McConaughey, 43, has had a run of guys he can “grab ahold of.” Starting with “The Lincoln Lawyer,” the hunky leading man, long dismissed for gracing middling romantic comedies and muddled thrillers, has been on a roll — “Tropic Thunder”, “Killer Joe”, “Magic Mike” and now “Mud” — compelling performances, often in supporting roles and always in good movies. The streak led New York Times critic Manohla Dargis to wonder “What happened? Did he roll out of bed one morning” with his movie-choice mojo back in hand?
“I think I’m making, actually, more selfish choices these days,” he says, on his way to the set of a cable series with the working title, “True Detectives” that he’s doing with Woody Harrelson. “These roles are all challenging me, scaring me. I like that. ‘I’m not sure how to play that. I’m not sure how to solve that acting moment that’s in the script. I don’t know how this guy works.’ And that’s a real turn on.”
He dragged his family to Arkansas for the two month “Mud” shoot and gave them as much of an authentic outdoors, off-the-grid experience as he could. A guy who traveled the country towing a trailer, on occasion, a man who knows his way around “live-aboards,” those who live a gypsy life on board cruising trawlers or sailboats, he sounds a little wistful that the character he played lives in a way he could never live again.
“You go in any marina, you find people like this. You don’t uproot your life and dive into that lifestyle without some need to lose contact, to check out.

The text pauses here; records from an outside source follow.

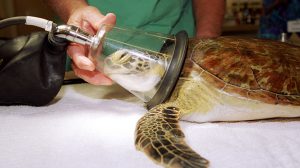 Injured turtle receiving care at Sea World
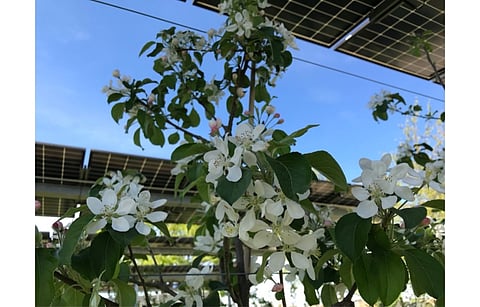 Fraunhofer ISE says the core of the agri-PV system is a tracking system with half of the rows tracked taking plant physiological aspects into account, while the other half is controlled purely according to sun-optimized parameters. (Photo Credit: Fraunhofer ISE)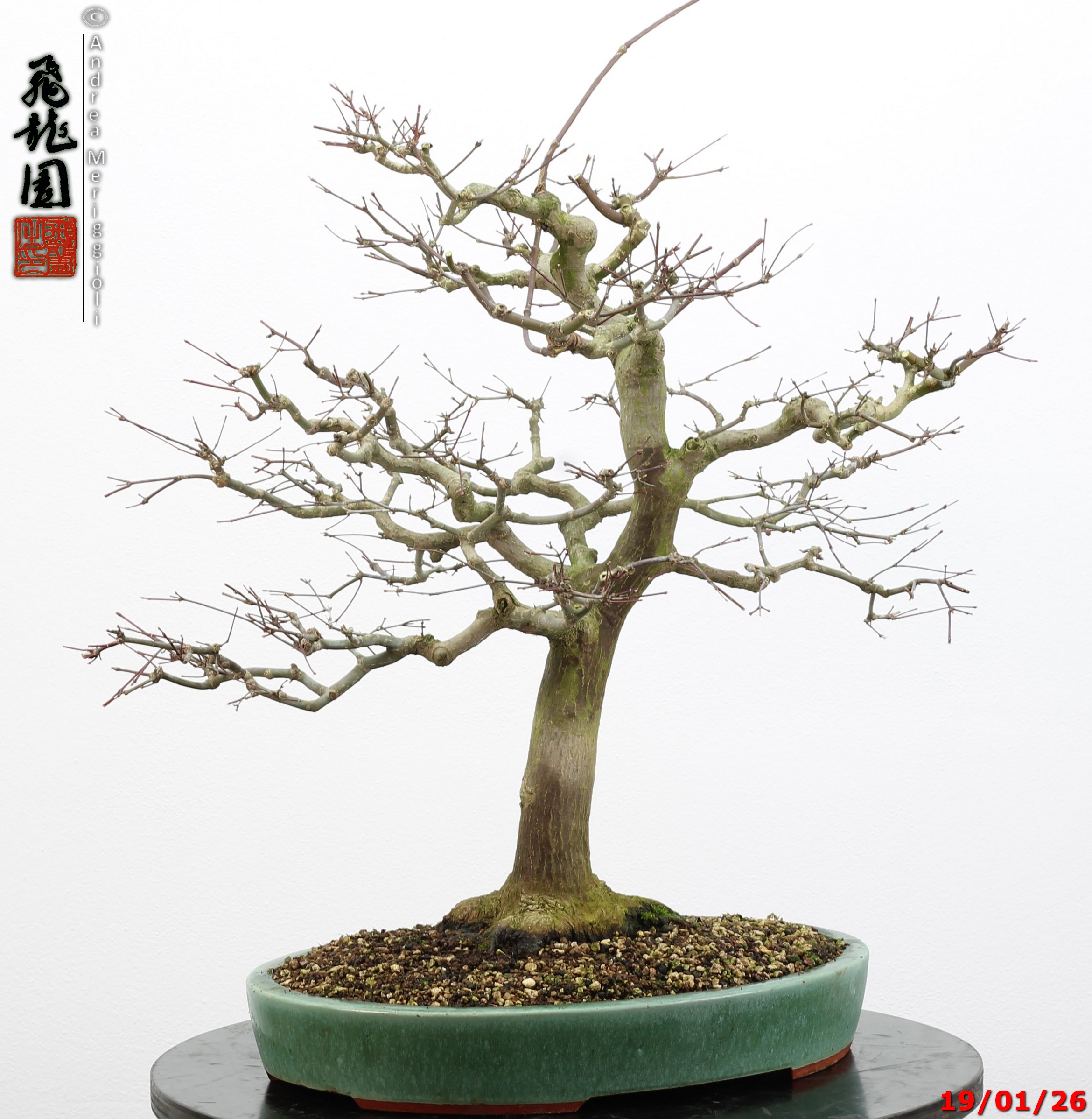 Acer palmatum - immagine 11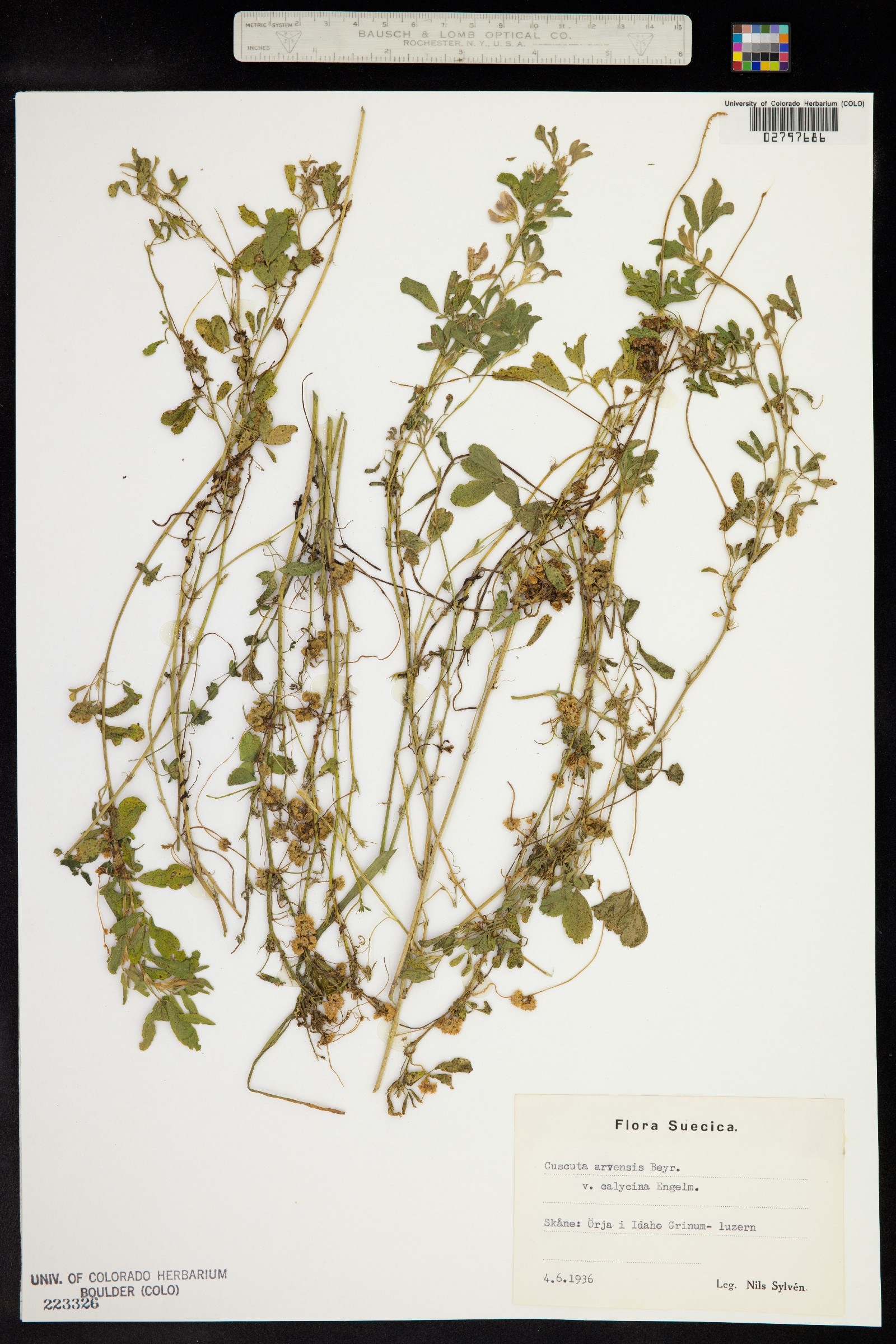 Cuscuta pentagona image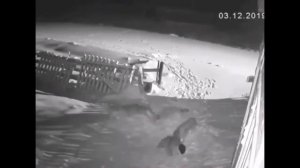 Волки давят собак в деревне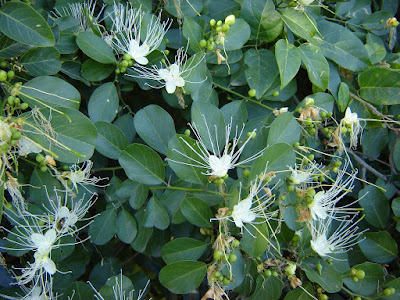 Anisocapparis speciosa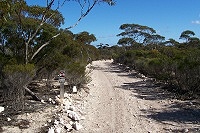 Road to Eyre bird sanctuary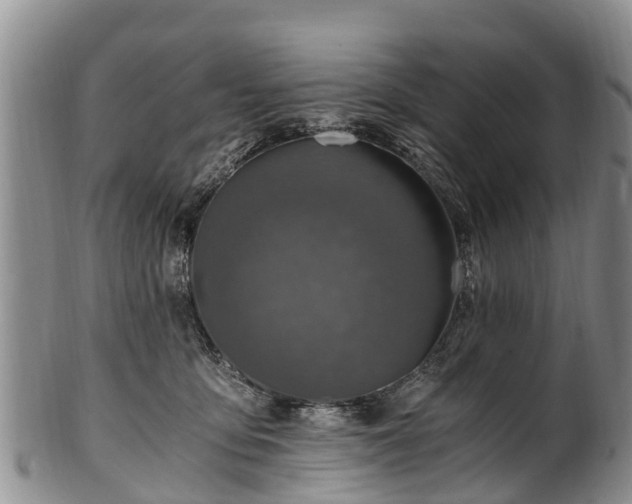 X0000102370419200808081157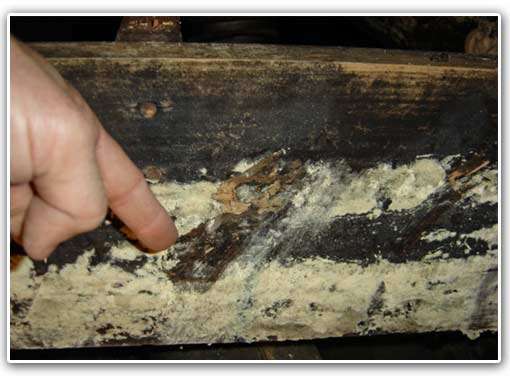 Crawl space mold means you're breathing in mold spores in the living areas of your home due to the stack effect.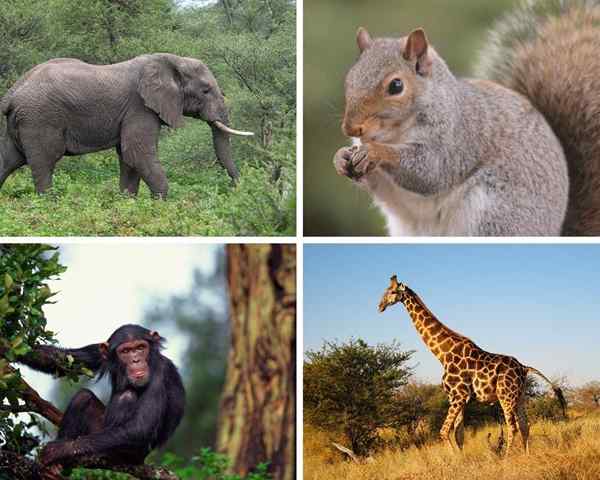 Overdag dieren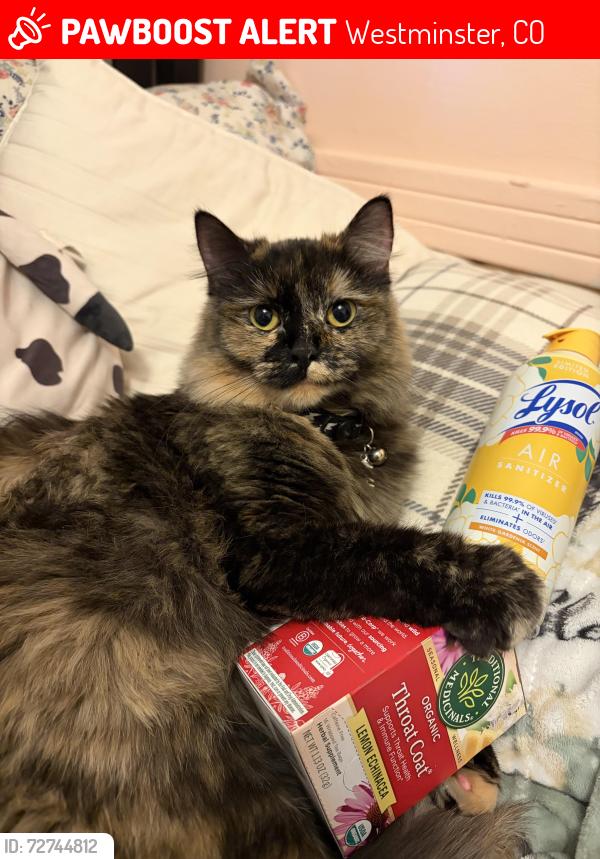 Lost Female Cat last seen Osceola , Westminster, CO 80030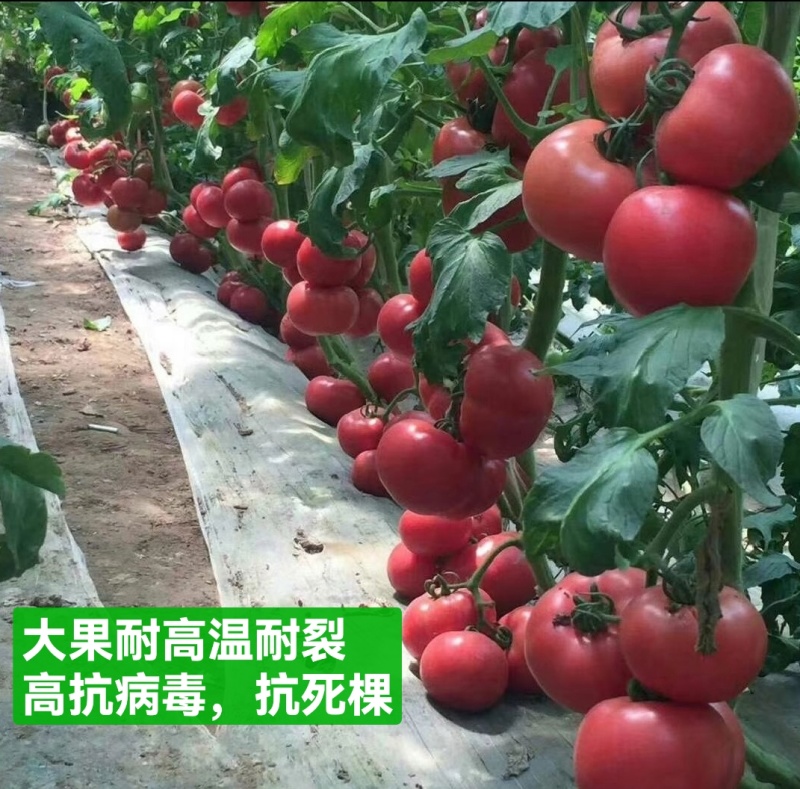 金瑞2号耐热早熟大果硬粉西红柿苗耐裂高产，抗病毒抗灰叶斑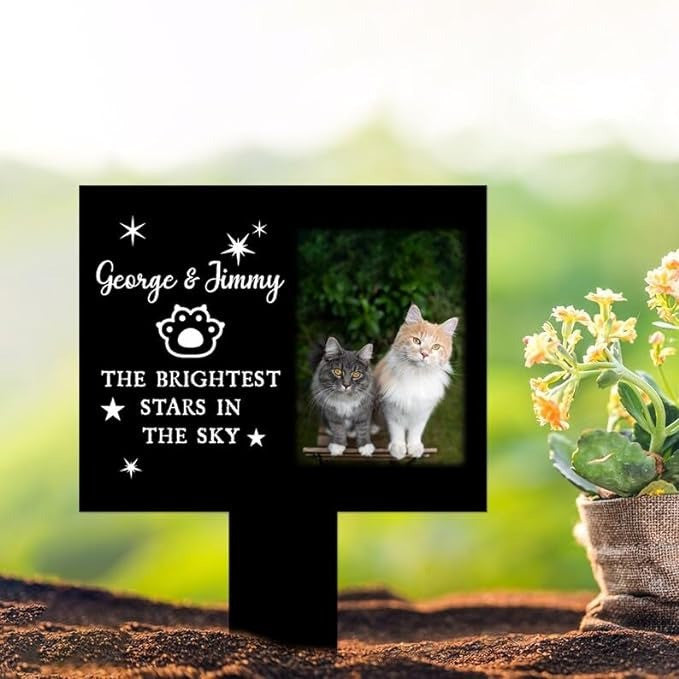 Custom Cat Photo The Brightest Stars In The Sky Pet Grave Marker Garden Stakes Pet Memorial Gift Custom Metal Signs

There are a lot of wonderful vagabonds, pirates and outlaws that live like that, off the grid and on a boat.
“People don’t hop up and offer their full name right away when you meet’em. They hold back. It’s ‘Hey, man.’ They don’t call each other by their first names, maybe they’re not even living under their real name.
“Boat living is similar to trailer living. It’s rootless, immediate. You want to leave, you hook up and pull out. You’re gone. No need to go and tell anyone, ‘Hey, I’m leavin’. No need to say ‘Goodbye,’ nothing. Your neighbors wake up in the morning, and you’re gone.”
There’s a faintly rueful laugh. An A-list actor on a roll, a married father of three has little chance of going back to anything like that lifestyle himself. But actors live vicariously through their roles. And “this guy Mud, what a FUN guy to run into. A real character, a dangerous guy, possibly. But a pure-hearted soul who’s out there living a boy’s dream — on an island, on a boat. Two boys helping a man on the run and in love.
That’s a summer adventure like Mark Twain would have dreamt of.”